Our children depend on our safe driving

As school starts this fall, be especially aware of pedestrians when driving through school zones.

Many child pedestrians are killed in the streets or sidewalks of their school zones because of the reckless and irresponsible behaviors of motorists. Drivers need to remember the unpredictability of children and be on the lookout for all pedestrians. It is difficult for children to see motorists and for motorists to see them. Children also have difficulty judging a car’s speed and distance, and they often think that if they can see the driver, the driver can see them.

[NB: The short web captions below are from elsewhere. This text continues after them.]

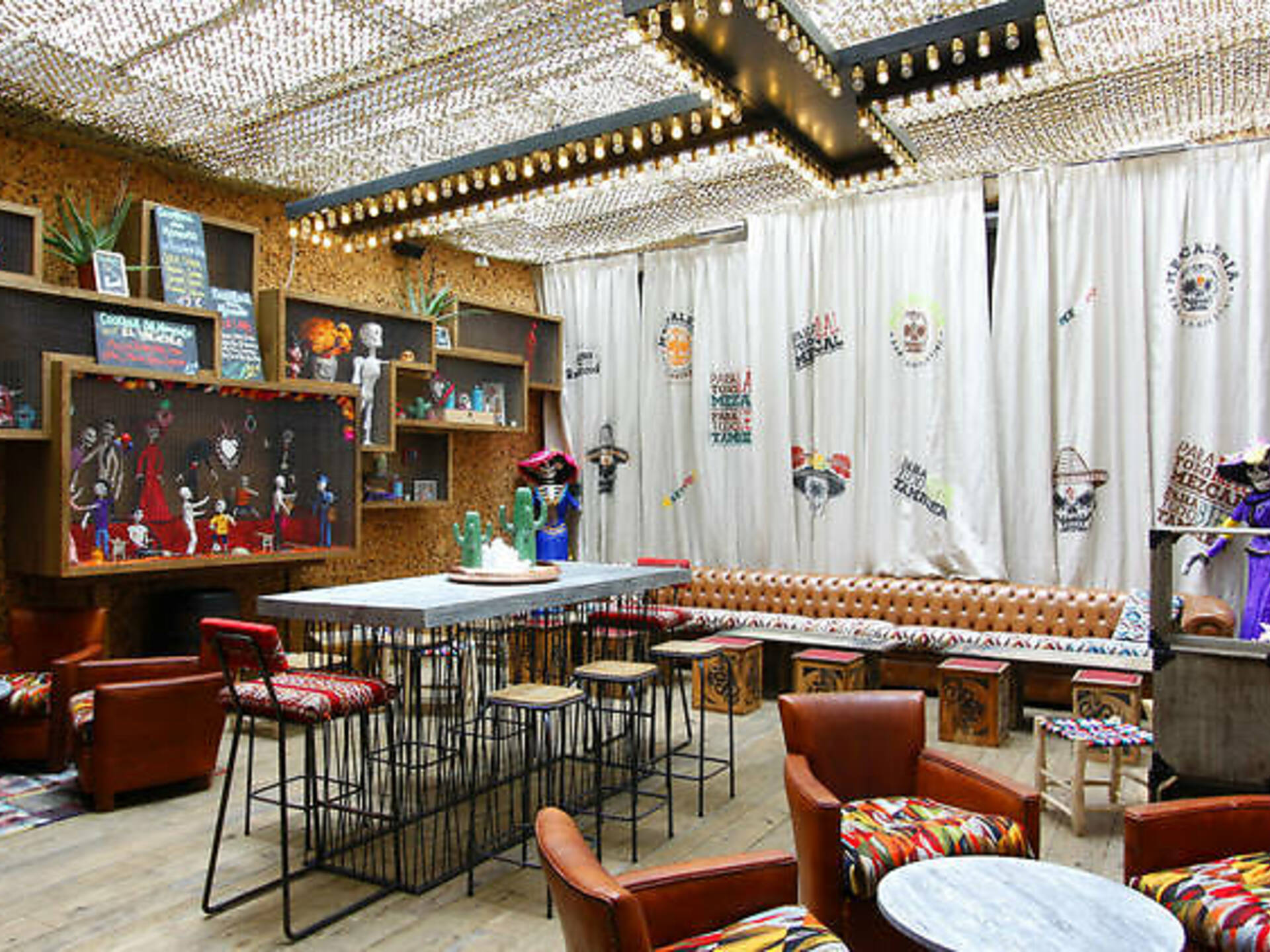 Best Paris hotel bars – Bars – Time Out Paris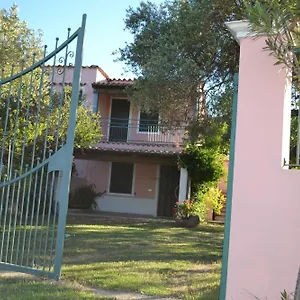  Appartamento Villarosa Italia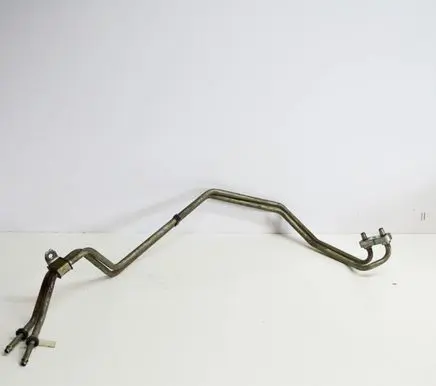 Air intake hose/pipe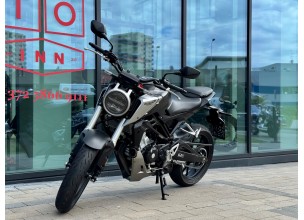 Honda CB 125R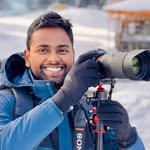 Paul Rayapalli - @paulrayapalli - Instagram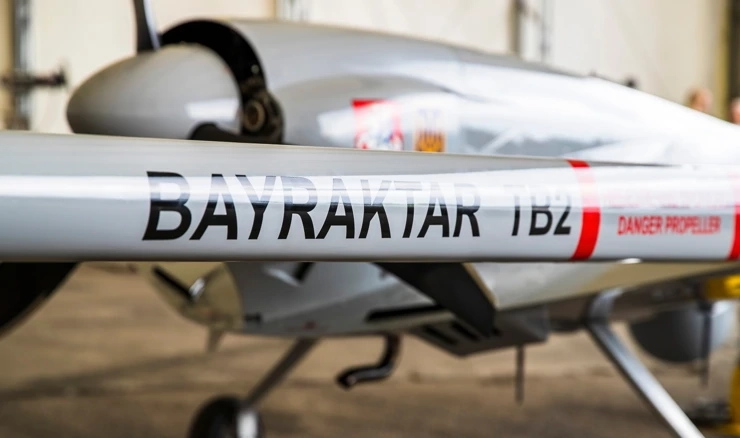 Bayraktar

As the school season begins, keep in mind these school zone motorist safety tips:

  • Observe speed limits at all times, but especially around children. When driving in school zones, near playgrounds, or in neighborhoods where children might be playing, anticipate that a child may dart out into the roadway.
  • When turning left at a green light or making a right turn on red, look for children crossing the street.
  • While picking up kids, do not stop or park in the crosswalk.
  • A school bus’s red flashing lights and extended stop arms indicate that it has stopped and that children are getting on or off. As you approach a stopped school bus from either direction, wait until the red lights stop flashing before proceeding. On undivided roadways with no physical barrier or median, stop on both sides of the roadway.
  • Avoid using a cell phone close to school zones. If you are texting, talking or making a call, it affects your ability to react quickly. Remember that using cell phones while driving in a school zone is illegal in Illinois.

Again, children’s actions can be unpredictable, and they do not always pay close attention to drivers when they are outside a school zone on the way home. Motorists, child pedestrians and adults with child pedestrians should be especially mindful of moving vehicles during the school year.